THE TASK → Any images in the material are to be dropped while every line is retyped exactly.

DATA BLOCK →
○ ○ ○ ○ ○ ○ ○
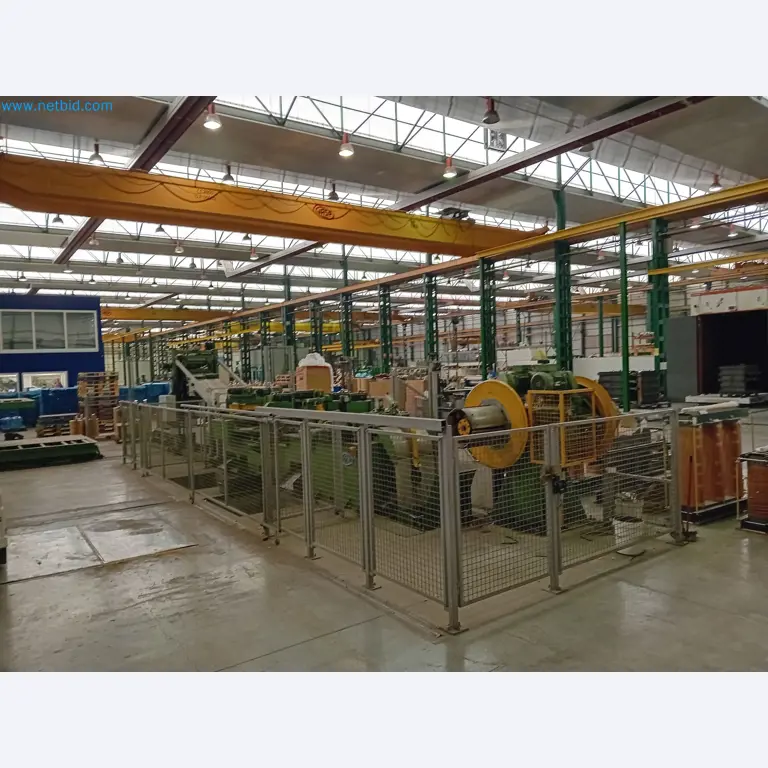 Transformatorblech-Längsschneidanlage-1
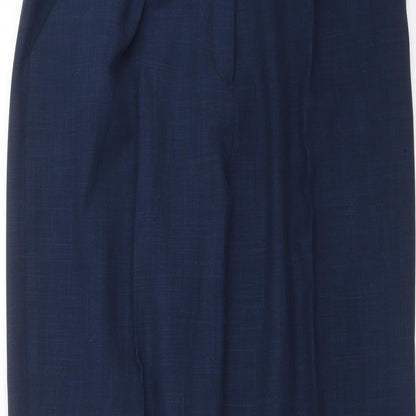 Bonmarché Womens Blue   Trousers  Size 14 L27 in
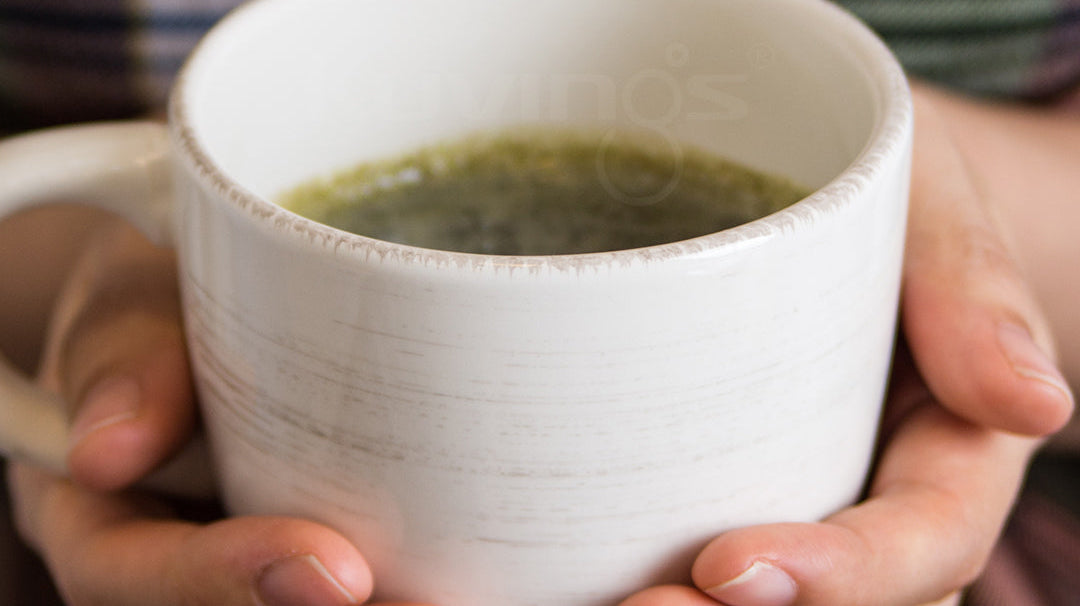 Curry-Flavored Zucchini Cucumber Soup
○ ○ ○ ○ ○ ○ ○
EXERCISE ANSWER →
 Transformatorblech-Längsschneidanlage-1
 Bonmarché Womens Blue   Trousers  Size 14 L27 in
 Curry-Flavored Zucchini Cucumber Soup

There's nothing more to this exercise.